Top of Records supplied
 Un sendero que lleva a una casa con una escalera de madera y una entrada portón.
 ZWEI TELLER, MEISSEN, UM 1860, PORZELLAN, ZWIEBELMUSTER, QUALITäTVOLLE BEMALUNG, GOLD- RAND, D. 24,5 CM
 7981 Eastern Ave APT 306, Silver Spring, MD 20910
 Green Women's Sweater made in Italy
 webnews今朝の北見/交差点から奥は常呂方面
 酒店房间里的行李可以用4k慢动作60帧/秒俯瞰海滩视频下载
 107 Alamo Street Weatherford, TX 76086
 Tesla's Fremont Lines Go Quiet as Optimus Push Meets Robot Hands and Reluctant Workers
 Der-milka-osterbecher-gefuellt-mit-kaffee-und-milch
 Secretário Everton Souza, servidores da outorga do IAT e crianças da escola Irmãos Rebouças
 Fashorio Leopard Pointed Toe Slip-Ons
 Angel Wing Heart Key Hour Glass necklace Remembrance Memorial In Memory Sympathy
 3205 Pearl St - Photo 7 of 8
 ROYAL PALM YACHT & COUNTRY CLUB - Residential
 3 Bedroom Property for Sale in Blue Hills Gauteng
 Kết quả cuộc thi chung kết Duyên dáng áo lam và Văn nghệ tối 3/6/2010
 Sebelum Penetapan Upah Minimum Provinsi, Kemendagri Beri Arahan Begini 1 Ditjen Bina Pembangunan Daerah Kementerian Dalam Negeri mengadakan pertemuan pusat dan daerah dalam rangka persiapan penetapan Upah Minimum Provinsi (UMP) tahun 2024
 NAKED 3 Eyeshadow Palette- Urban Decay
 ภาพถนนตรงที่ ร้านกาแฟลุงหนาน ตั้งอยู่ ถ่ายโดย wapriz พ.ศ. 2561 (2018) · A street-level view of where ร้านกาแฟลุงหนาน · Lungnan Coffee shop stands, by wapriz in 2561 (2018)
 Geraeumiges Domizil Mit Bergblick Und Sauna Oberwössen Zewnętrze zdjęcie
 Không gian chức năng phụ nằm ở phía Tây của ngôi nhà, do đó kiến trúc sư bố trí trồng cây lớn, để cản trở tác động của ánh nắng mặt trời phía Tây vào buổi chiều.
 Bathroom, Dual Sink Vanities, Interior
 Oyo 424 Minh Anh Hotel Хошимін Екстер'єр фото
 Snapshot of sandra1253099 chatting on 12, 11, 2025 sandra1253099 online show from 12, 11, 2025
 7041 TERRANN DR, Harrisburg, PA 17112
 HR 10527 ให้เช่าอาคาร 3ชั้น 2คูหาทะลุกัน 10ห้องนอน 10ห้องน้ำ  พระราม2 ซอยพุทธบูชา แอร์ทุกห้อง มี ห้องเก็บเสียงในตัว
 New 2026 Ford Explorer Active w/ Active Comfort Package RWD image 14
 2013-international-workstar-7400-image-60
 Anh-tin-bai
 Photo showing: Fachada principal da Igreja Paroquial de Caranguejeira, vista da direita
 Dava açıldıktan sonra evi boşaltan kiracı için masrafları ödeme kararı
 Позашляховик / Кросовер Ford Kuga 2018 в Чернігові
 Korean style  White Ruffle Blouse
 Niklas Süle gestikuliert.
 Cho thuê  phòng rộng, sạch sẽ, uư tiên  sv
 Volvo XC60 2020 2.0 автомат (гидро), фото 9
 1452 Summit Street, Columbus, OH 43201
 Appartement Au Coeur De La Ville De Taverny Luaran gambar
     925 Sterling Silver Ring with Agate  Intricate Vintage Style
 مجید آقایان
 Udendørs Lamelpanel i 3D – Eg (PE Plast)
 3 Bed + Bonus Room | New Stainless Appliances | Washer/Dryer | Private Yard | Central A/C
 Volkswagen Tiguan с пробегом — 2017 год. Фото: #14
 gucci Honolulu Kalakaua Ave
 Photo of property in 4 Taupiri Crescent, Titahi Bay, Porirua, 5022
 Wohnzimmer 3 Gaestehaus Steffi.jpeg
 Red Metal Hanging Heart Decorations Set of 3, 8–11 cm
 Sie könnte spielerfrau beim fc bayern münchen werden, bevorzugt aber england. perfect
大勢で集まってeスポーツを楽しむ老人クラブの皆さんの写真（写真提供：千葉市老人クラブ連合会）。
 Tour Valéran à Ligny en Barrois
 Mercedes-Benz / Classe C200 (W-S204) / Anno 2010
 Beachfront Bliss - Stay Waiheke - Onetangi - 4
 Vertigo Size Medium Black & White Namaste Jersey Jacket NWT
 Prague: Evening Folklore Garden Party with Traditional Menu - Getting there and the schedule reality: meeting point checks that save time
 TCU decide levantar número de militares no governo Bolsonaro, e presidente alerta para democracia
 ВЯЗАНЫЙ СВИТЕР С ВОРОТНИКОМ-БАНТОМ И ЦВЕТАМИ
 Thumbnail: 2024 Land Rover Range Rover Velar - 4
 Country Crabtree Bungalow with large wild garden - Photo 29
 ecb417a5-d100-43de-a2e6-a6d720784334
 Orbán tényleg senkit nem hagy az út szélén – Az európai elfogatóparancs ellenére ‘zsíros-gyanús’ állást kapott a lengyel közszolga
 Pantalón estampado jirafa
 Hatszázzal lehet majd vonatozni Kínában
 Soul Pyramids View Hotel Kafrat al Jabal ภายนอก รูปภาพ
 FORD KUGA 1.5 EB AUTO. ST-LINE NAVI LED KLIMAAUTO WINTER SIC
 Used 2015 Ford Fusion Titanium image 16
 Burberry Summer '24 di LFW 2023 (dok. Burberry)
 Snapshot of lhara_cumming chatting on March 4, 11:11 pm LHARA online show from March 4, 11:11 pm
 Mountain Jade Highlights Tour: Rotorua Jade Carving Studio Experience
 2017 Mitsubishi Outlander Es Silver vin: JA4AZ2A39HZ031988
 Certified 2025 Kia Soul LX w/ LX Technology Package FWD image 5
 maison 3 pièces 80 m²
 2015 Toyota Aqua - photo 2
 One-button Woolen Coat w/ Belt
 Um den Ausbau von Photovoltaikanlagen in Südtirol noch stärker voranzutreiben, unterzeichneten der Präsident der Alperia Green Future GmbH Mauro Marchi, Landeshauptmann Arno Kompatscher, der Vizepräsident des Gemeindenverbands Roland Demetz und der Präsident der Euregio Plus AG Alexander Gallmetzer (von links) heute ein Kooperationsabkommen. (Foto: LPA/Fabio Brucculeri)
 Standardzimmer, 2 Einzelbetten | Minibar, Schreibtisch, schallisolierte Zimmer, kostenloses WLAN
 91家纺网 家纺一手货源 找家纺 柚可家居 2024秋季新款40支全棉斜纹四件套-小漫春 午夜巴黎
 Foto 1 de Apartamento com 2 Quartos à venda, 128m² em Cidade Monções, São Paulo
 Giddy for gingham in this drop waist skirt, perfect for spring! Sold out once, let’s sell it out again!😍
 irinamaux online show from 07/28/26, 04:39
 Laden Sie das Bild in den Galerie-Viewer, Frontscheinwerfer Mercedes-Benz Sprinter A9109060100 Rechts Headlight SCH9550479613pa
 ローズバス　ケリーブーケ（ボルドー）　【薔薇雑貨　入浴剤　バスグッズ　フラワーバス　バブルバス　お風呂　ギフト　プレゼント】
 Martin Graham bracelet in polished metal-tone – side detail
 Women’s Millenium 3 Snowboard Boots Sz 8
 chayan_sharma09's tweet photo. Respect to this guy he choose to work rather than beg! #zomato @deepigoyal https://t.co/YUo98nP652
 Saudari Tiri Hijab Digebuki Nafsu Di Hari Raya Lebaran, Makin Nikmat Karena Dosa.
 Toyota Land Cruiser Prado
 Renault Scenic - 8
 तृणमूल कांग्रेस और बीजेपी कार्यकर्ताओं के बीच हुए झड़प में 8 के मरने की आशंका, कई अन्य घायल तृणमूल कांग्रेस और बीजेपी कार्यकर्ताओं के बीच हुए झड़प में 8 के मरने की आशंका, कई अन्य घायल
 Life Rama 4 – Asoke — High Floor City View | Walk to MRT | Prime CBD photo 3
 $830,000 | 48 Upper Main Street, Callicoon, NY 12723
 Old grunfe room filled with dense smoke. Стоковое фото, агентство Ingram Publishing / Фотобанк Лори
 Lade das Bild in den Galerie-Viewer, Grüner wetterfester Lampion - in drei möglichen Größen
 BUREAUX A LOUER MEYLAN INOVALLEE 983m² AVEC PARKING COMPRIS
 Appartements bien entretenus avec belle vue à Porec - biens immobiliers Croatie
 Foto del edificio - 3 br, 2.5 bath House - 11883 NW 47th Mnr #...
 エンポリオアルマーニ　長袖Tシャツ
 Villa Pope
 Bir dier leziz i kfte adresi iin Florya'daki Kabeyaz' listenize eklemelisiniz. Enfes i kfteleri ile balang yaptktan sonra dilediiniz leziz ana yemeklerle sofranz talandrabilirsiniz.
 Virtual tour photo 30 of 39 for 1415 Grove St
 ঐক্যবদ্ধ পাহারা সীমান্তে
Bottom of Records supplied
Task goal: Select and copy each line from the data that includes the word "online".

Answer to this problem:
 Snapshot of sandra1253099 chatting on 12, 11, 2025 sandra1253099 online show from 12, 11, 2025
 Snapshot of lhara_cumming chatting on March 4, 11:11 pm LHARA online show from March 4, 11:11 pm
 irinamaux online show from 07/28/26, 04:39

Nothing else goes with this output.